Problem to solve | All the lines below need to be transcribed exactly. Pictures get left out.

Source data |
---------------

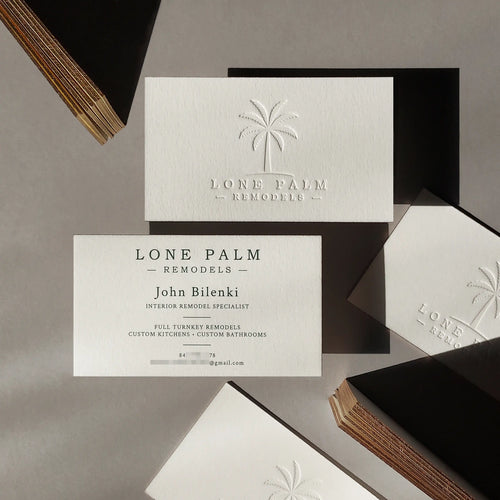Gold painted edge cotton business cards 45pt with deboss and dark green pantone printing by OddPlanPrint.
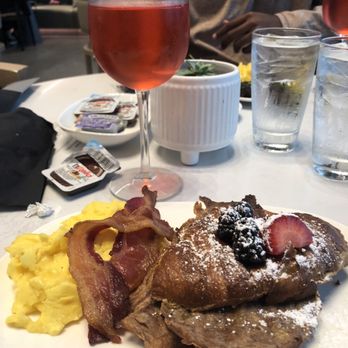 AC Sky Bar - Creme brûlée French toast with added eggs ($$) and cranberry mimosa - Bars Near Me - Orlando, Florida AC Sky Bar - Creme brûlée French toast with added eggs ($$) and cranberry mimosa - Bars Near Me - Orlando, Florida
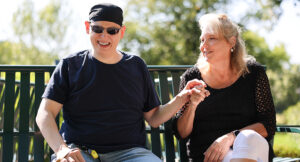 Jason sitting on a park bench with his service provider, Clairanne.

---------------

Expected output |
Gold painted edge cotton business cards 45pt with deboss and dark green pantone printing by OddPlanPrint.
 AC Sky Bar - Creme brûlée French toast with added eggs ($$) and cranberry mimosa - Bars Near Me - Orlando, Florida AC Sky Bar - Creme brûlée French toast with added eggs ($$) and cranberry mimosa - Bars Near Me - Orlando, Florida
 Jason sitting on a park bench with his service provider, Clairanne.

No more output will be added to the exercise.